La Sua morte è stata diversa da quella di Stefano: è morto solo - solo con i peccati del mondo su di Sé. Egli è l'Agnello di Dio che ha tolto il peccato del mondo, prendendo il nostro posto.

Non possiamo chiudere le considerazioni sul libro del profeta Isaia senza presentare l’INVITO AL MONDO che troviamo nei versetti 1 e 2 di Isaia 55:

«O voi tutti che siete assetati, venite alle acque; voi che non avete denaro venite, comprate e mangiate!
Venite, comprate senza denaro, senza pagare, vino e latte!
Perché spendete denaro per ciò che non è pane e il frutto delle vostre fatiche per ciò che non sazia?
Ascoltatemi attentamente e mangerete ciò che è buono, gusterete cibi succulenti!» 
   

Questo capitolo si apre con un grido che sale dal cuore di Dio, rivolto a ogni persona perché si fermi e consideri la salvezza che Egli offre.
L'invito è limitato a una sola classe di persone, anche se potenzialmente risulta rivolto a tutti: «Voi tutti che siete assetati». Questo invito è per ogni uomo, donna e bambino sulla faccia della terra. Comprende ogni persona, qualunque sia la sua condizione di vita, lo strato della società a cui appartiene; ogni uomo, di ogni razza, tribù, lingua, condizione e colore. Tutti sono inclusi. L'invito è: «O voi tutti!», rivolto a coloro la cui sete non è stata spenta dalle cisterne costruite dall'uomo. L'invito è di bere abbondantemente e a lungo dalle fonti eterne.
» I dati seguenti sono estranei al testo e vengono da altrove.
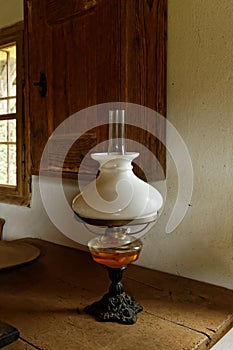 Antique Oil Lamp in Old Farmhouse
L'invito è solo per chi ha sete e finché una persona non ha sete, cercherà di riempire la sua esistenza con cose che le diano sicurezza e la gratifichino.
Solo se avete sete, sarete interessati all'invito di Dio.
È l'ascolto della parola di Dio che soddisferà la vostra sete.
Vi siete mai soffermati ad ascoltare Dio? A leggere la sua Parola?
Isaia ci dice che Dio è misericordioso e pronto a perdonare. La più grande benedizione che potrete sperimentare nella vita è qualla di cercare trovare Dio, ricevere il suo perdono e quindi la vita eterna alla sua presenza.